• _What to work on_
Only the lines in the entries below from the line with "1 aylık kedi karam fotoğraf" to the line with "Strelitzia nicolai", both included, belong in the answer, transcribed exactly and without pictures.

Short web captions
Content starts

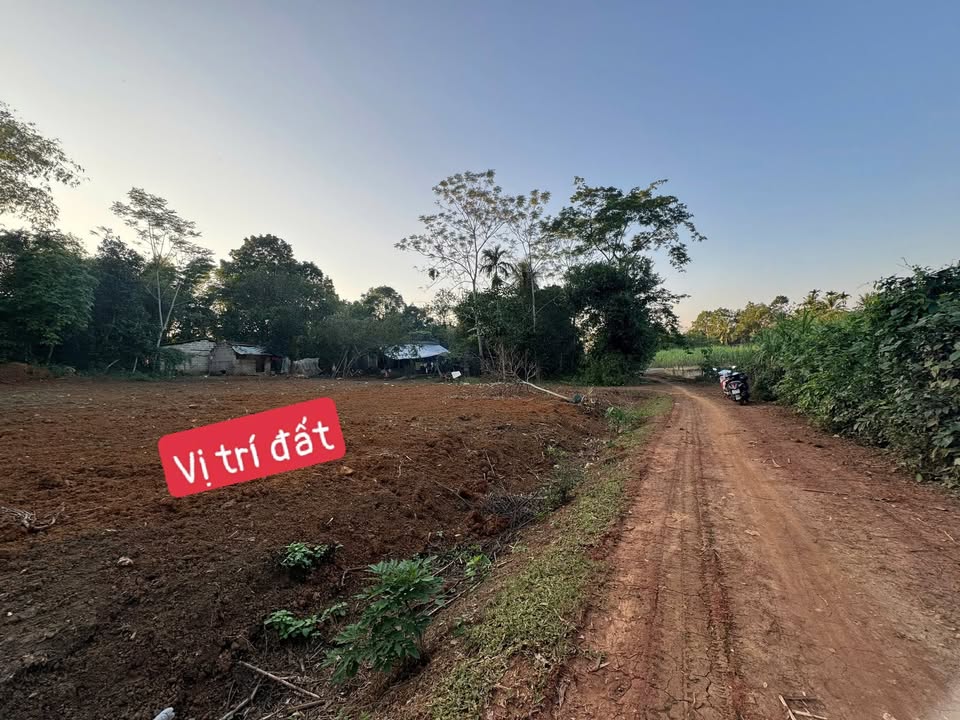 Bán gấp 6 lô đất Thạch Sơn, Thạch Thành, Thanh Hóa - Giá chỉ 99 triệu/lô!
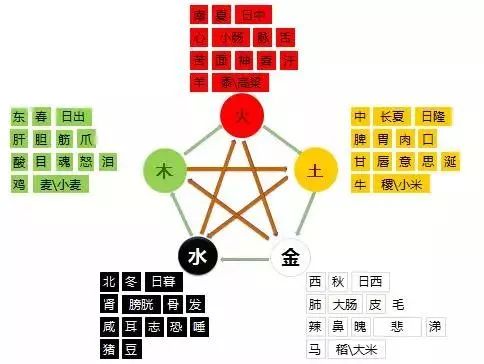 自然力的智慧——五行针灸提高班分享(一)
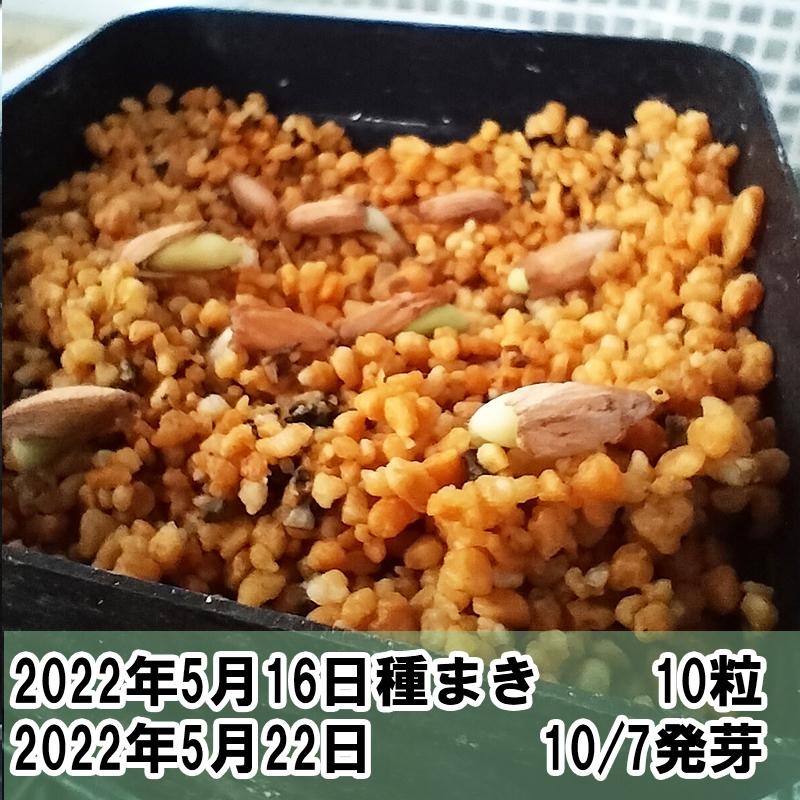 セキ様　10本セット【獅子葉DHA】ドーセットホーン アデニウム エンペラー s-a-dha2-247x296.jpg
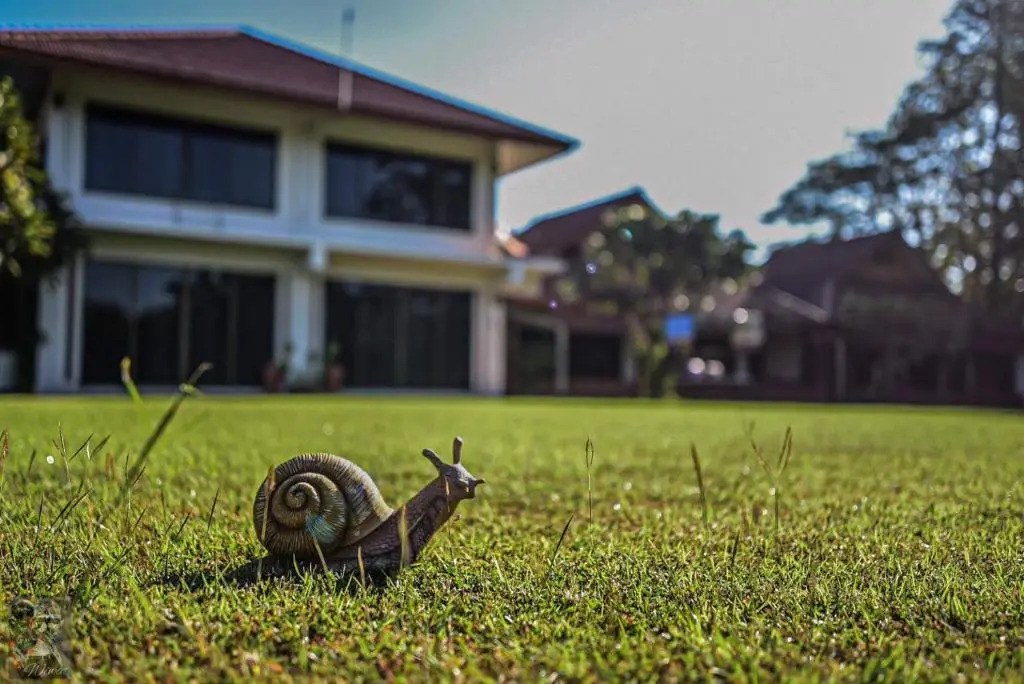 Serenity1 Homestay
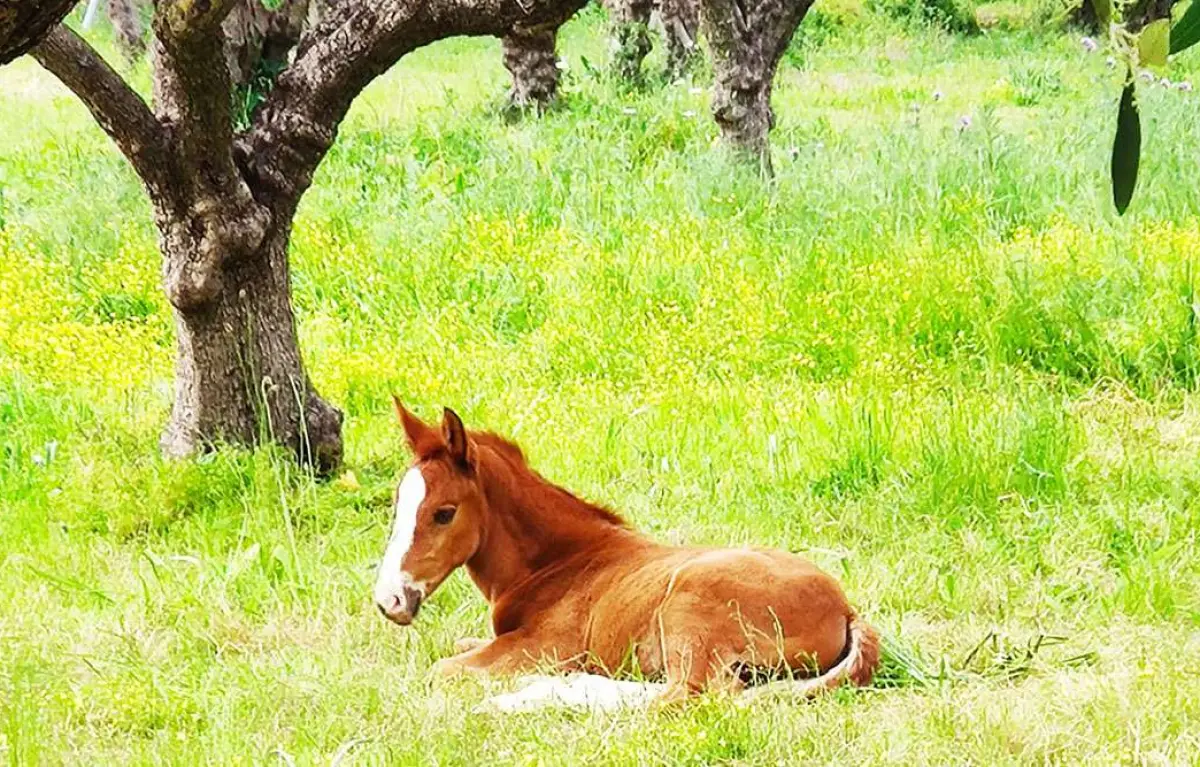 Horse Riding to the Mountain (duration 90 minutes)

Content ends
Content starts

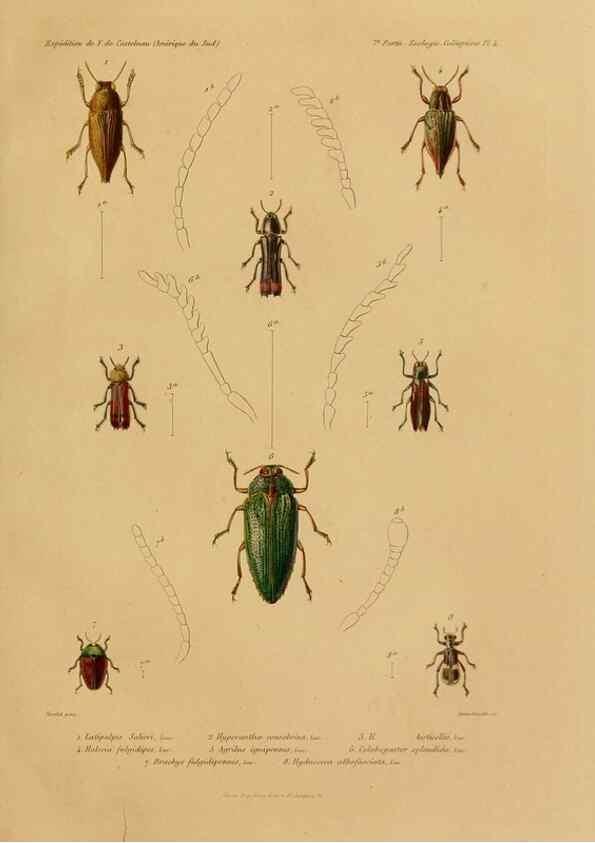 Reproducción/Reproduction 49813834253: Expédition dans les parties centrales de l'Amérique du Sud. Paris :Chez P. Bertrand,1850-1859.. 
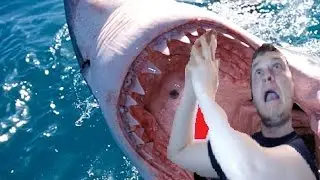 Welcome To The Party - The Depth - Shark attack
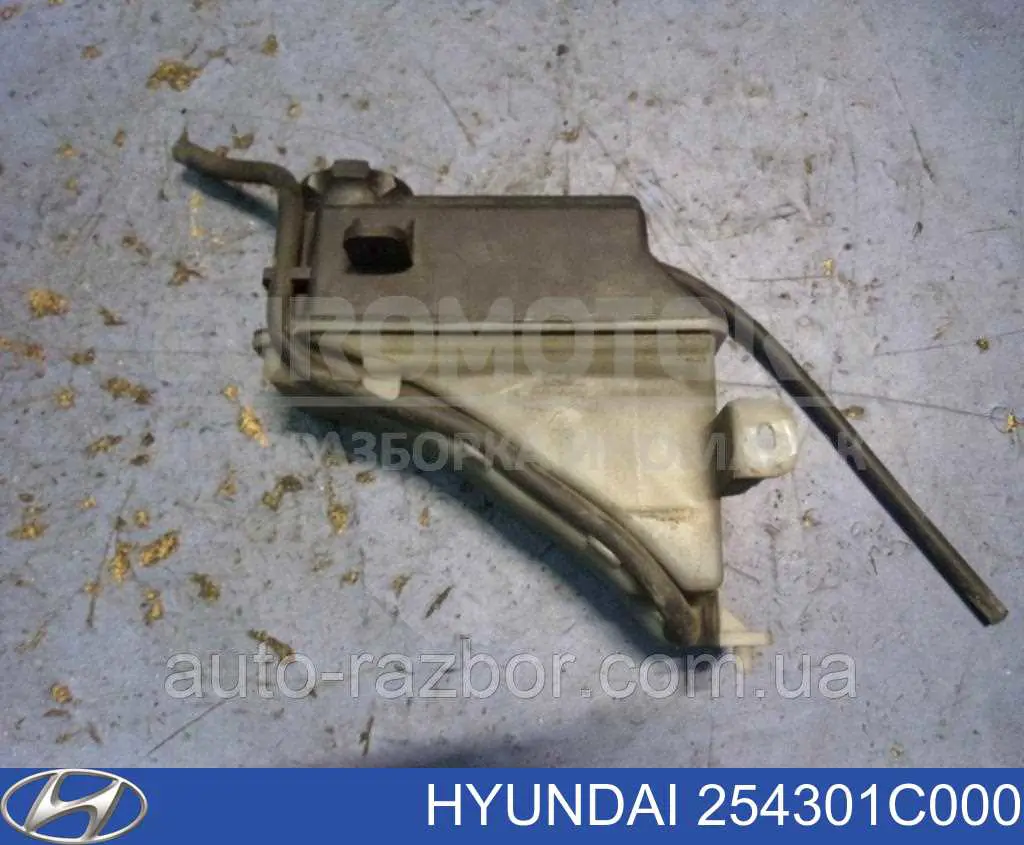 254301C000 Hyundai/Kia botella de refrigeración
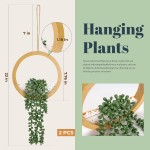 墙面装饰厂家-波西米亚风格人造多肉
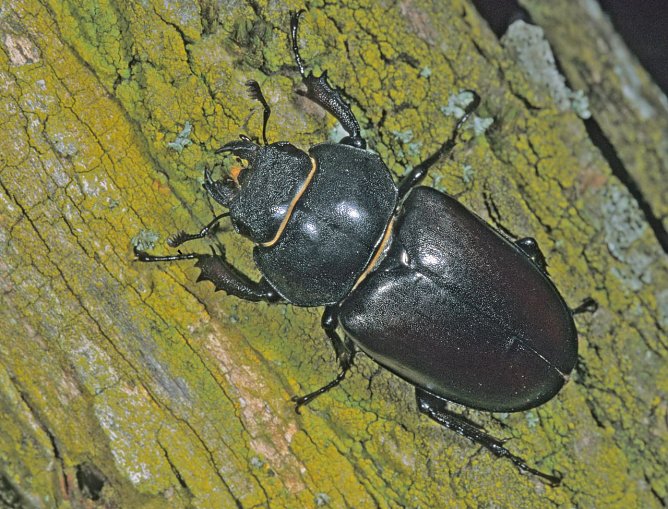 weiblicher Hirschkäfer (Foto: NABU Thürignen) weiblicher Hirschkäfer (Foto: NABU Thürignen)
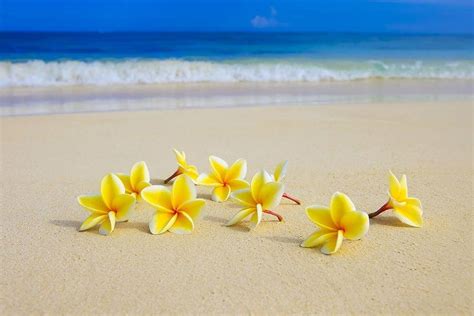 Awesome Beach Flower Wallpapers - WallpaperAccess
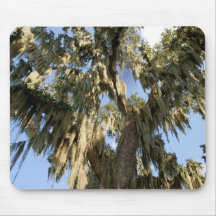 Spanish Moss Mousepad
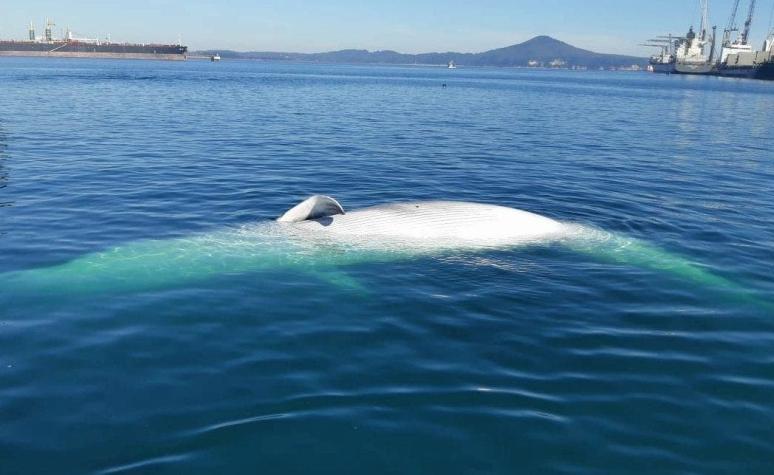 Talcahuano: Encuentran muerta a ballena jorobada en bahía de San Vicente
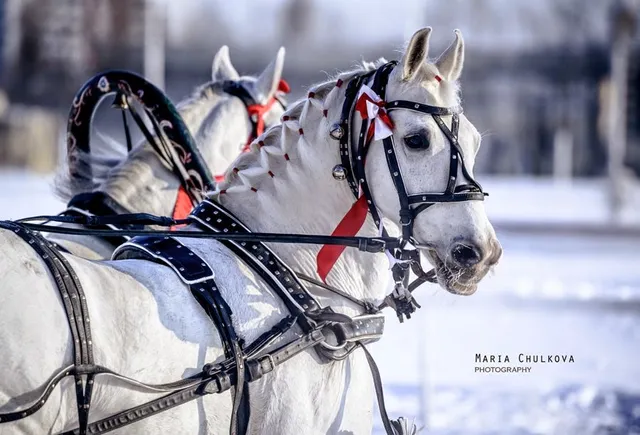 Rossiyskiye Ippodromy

Content ends
Content starts

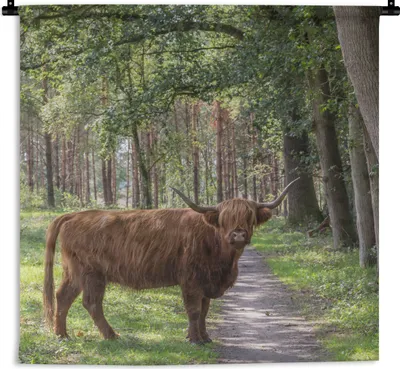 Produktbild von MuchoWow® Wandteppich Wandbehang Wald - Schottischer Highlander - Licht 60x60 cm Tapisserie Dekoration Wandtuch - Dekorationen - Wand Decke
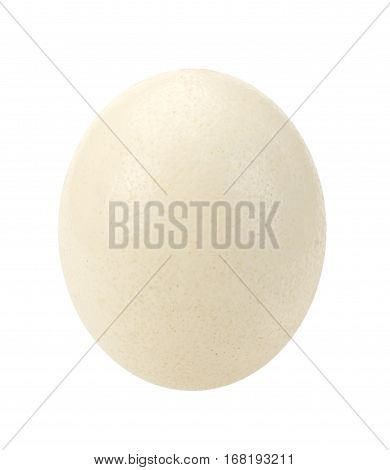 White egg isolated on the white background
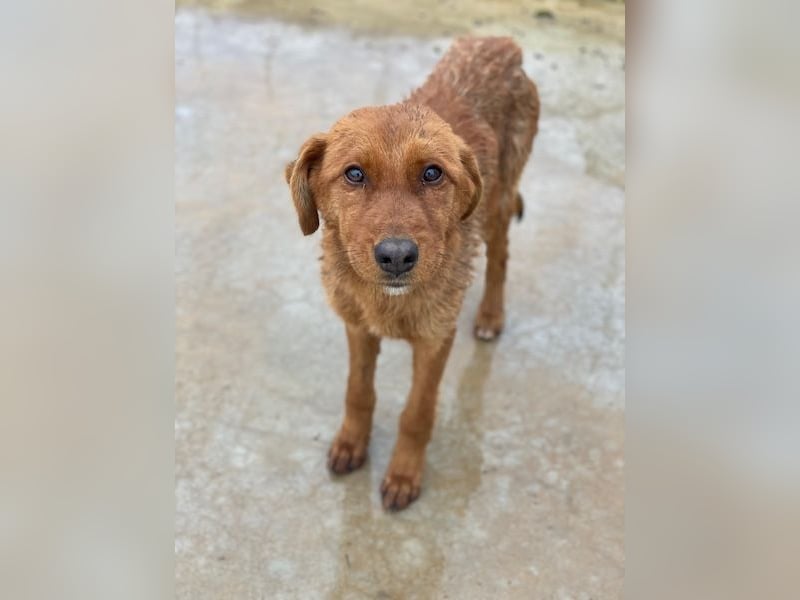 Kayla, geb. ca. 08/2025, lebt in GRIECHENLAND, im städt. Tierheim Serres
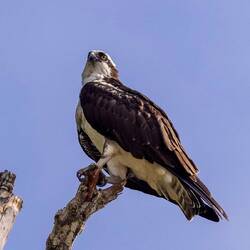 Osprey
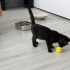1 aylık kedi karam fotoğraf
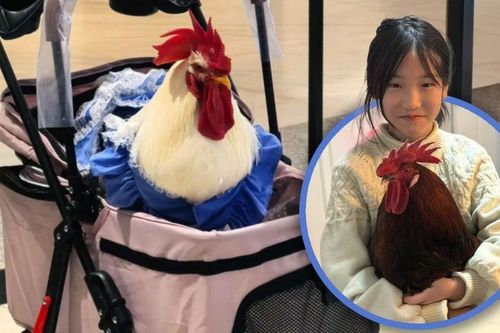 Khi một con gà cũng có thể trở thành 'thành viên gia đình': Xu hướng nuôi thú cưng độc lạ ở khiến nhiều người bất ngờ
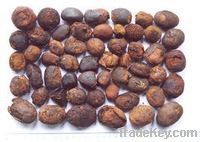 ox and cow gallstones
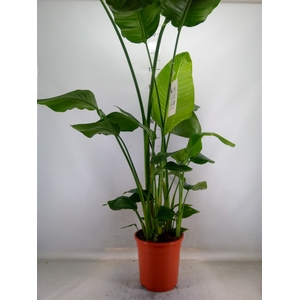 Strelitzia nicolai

Content ends

• _Result_
1 aylık kedi karam fotoğraf
 Khi một con gà cũng có thể trở thành 'thành viên gia đình': Xu hướng nuôi thú cưng độc lạ ở khiến nhiều người bất ngờ
 ox and cow gallstones
 Strelitzia nicolai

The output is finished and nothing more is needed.